> [WHAT THIS TASK INVOLVES] Nothing but the lines from the one showing "Action Comics [1st DC Series] (1938) 454" through the final line of the data below belongs in the answer, duplicated exactly and without pictures.

(Caption-style text data)
=====

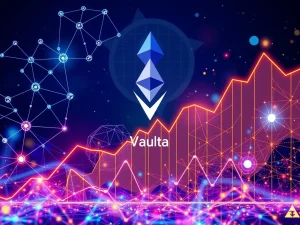 WLFI's bold $6M Vaulta investment propelling Ethereum-backed DeFi infrastructure growth.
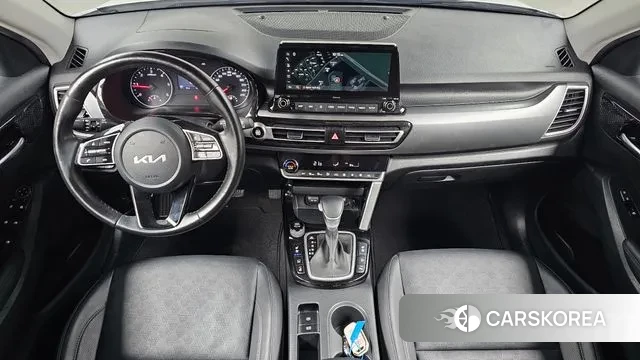 Kia Seltos id 3759475 из Кореи 17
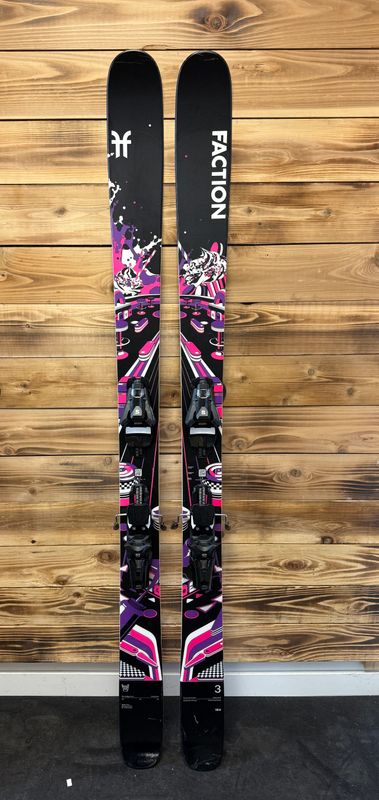 Faction Skis | Store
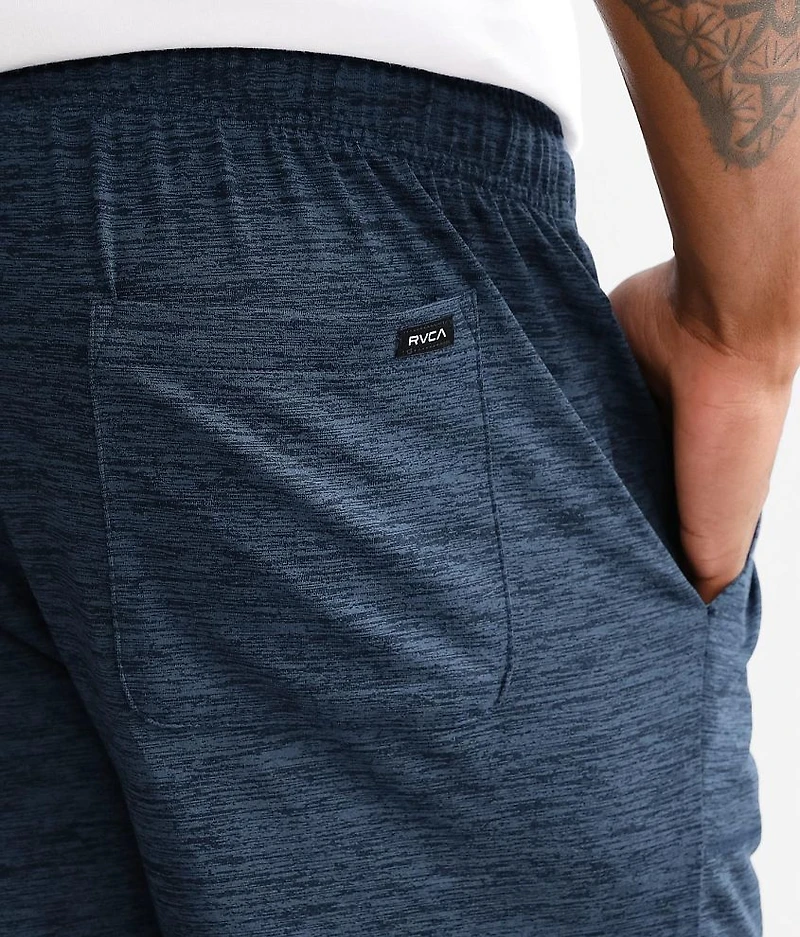 Abel Active Knit Short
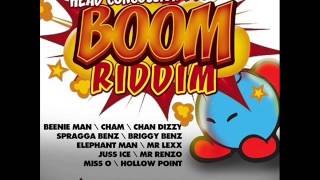 Miss O - Money Pull Up (Boom Riddim)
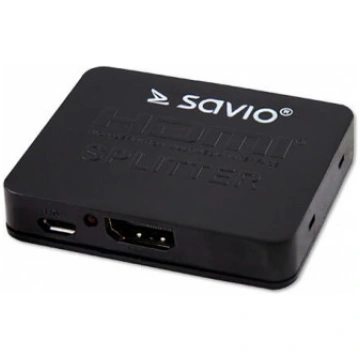 Savio HDMI Splitter 4K CL-93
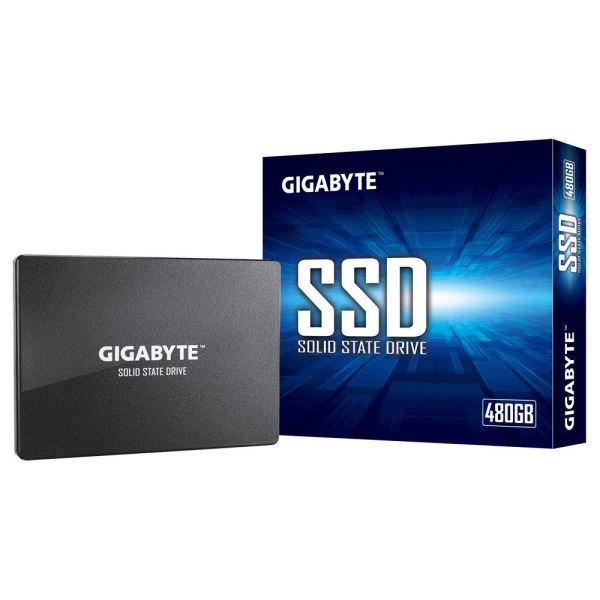 Gigabyte GP-GSTFS31480GNTD internal solid state drive 2.5" 480 GB SATA III (GP-GSTFS31480GNTD)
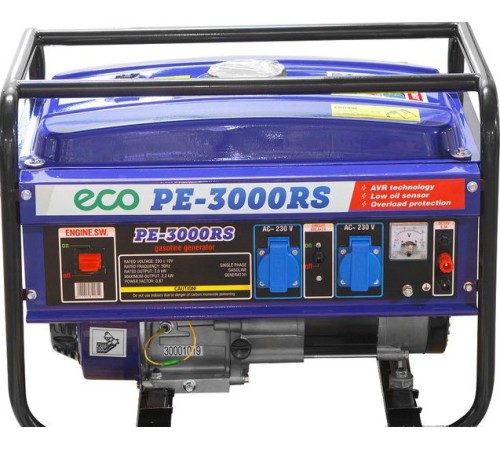 Генератор бензиновый ECO PE-3000RS
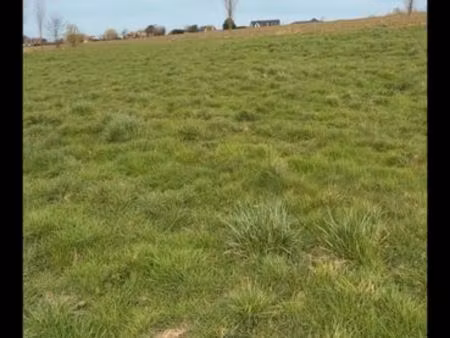 a vendre terrain octeville-sur-mer constructible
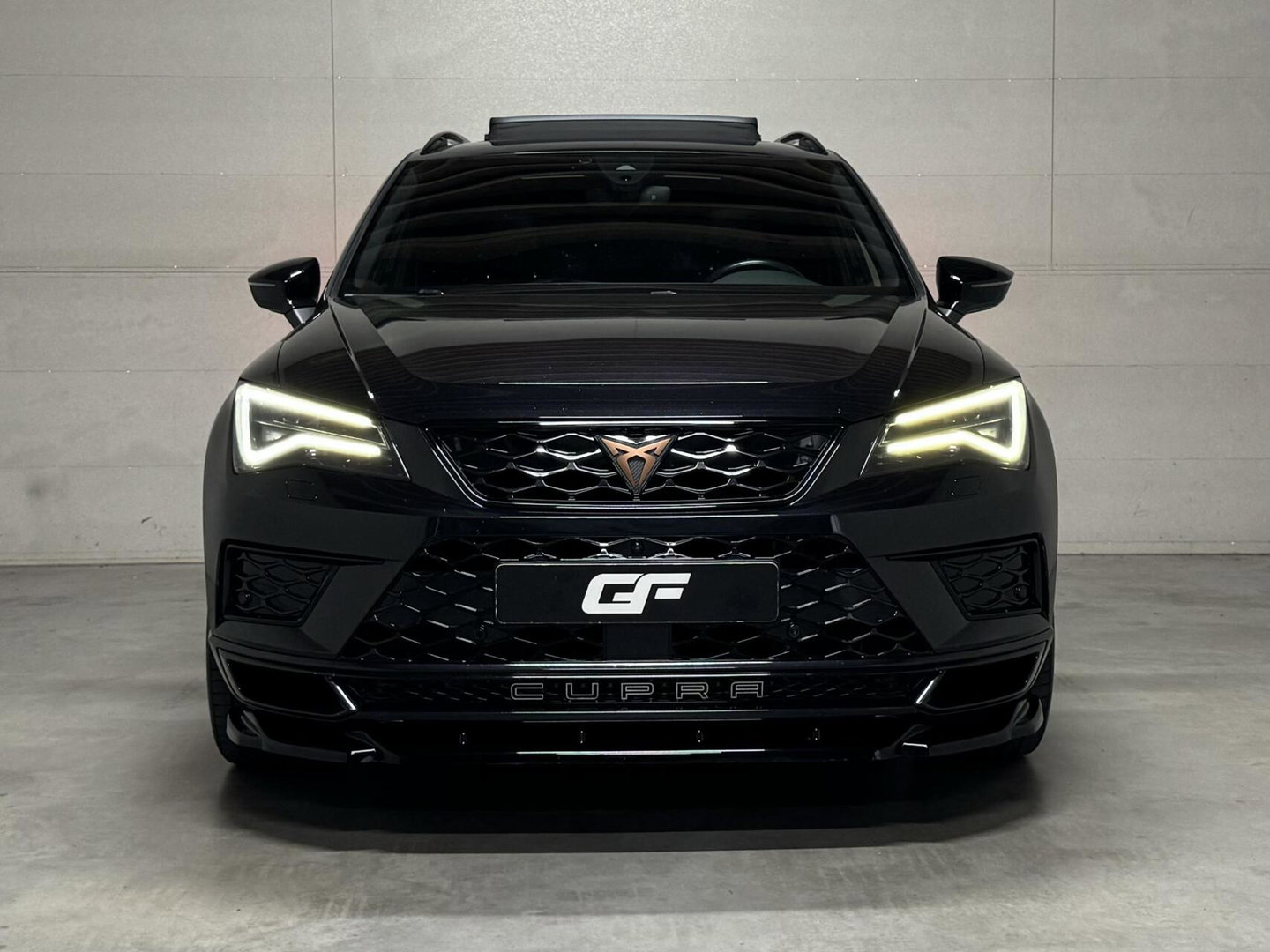 CUPRA Ateca 2.0 TSI 4DRIVE Pano Virtual Brembo Beats 360° Trekh.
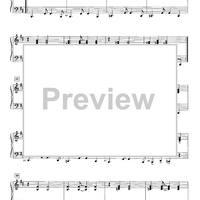 Danza Latina - Piano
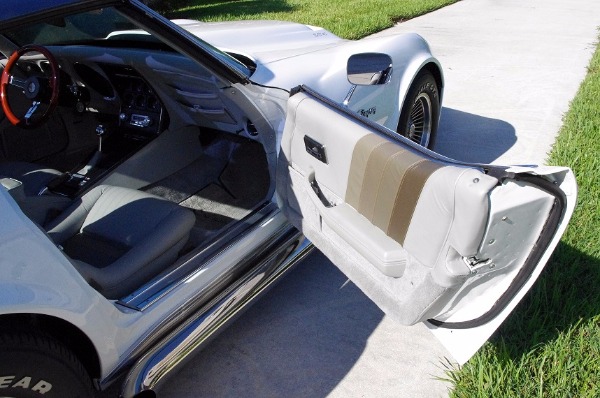 1982 Chevrolet Corvette  T-Top 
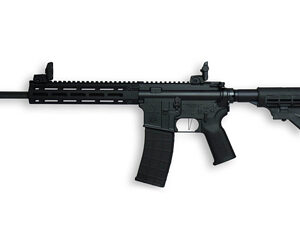 Tippmann M4-22 Multi-Mission Semi-Automatic Compact 16" .22LR Black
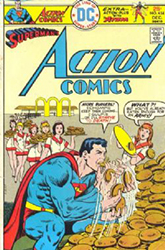Action Comics [1st DC Series] (1938) 454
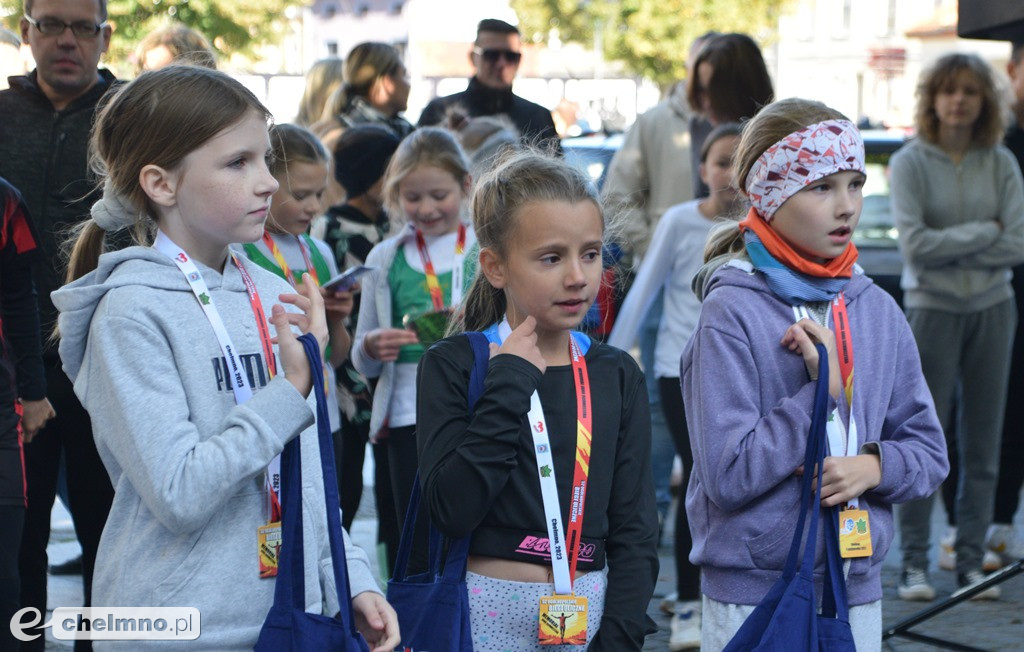 Mnóstwo zawodników wzięło udział w 52. Ogólnopolskich Biegach Ulicznych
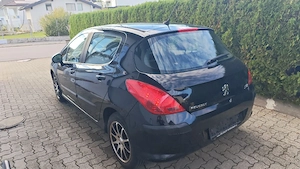 peugot 308 Bild 4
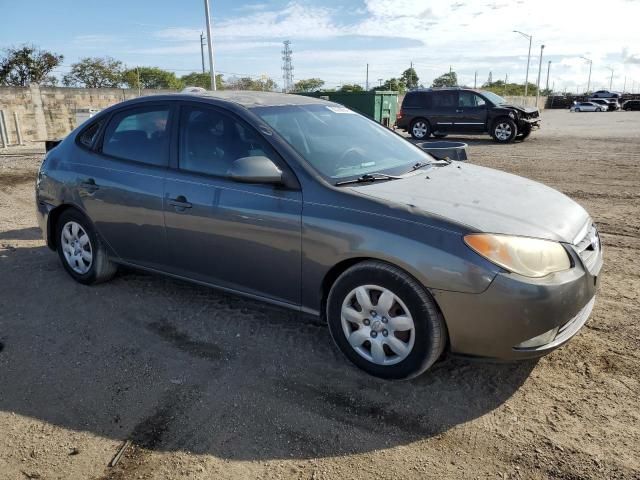 2008 Hyundai Elantra GLS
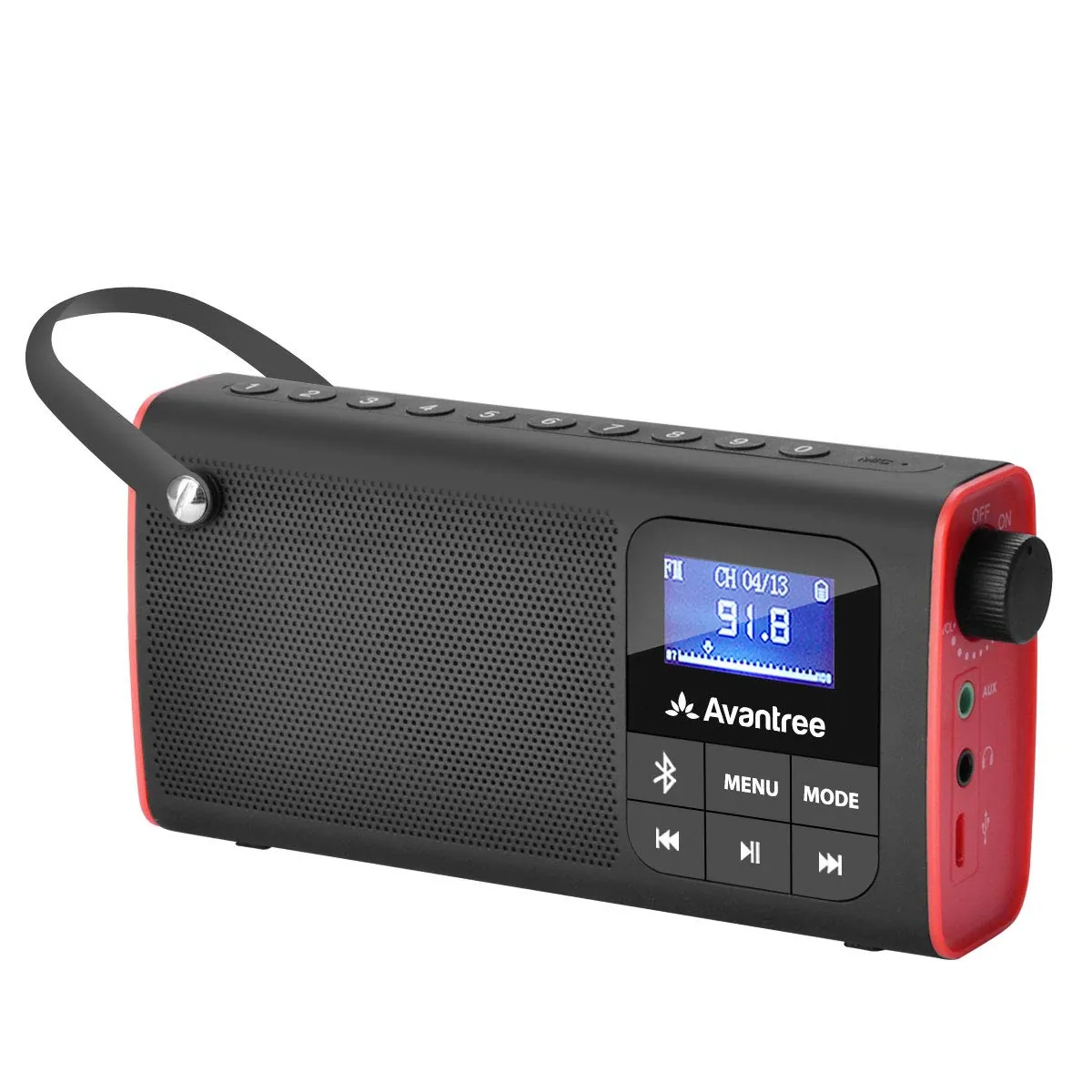 Avantree SP850 Review: Portable FM Radio Ranked image 8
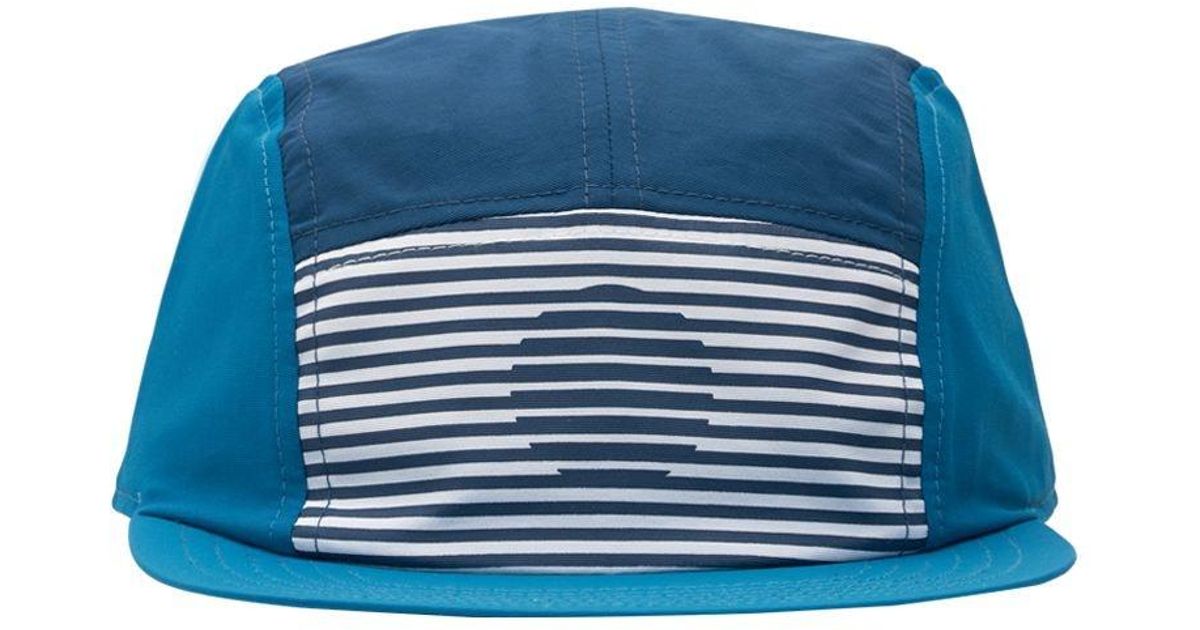 North Face Ic Tech 5 Panel Baseball Hat 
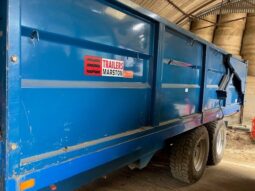 Marston 12T Grain Trailer full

=====

> [YOUR RESPONSE]
Action Comics [1st DC Series] (1938) 454
 Mnóstwo zawodników wzięło udział w 52. Ogólnopolskich Biegach Ulicznych
 peugot 308 Bild 4
 2008 Hyundai Elantra GLS
 Avantree SP850 Review: Portable FM Radio Ranked image 8
 North Face Ic Tech 5 Panel Baseball Hat 
 Marston 12T Grain Trailer full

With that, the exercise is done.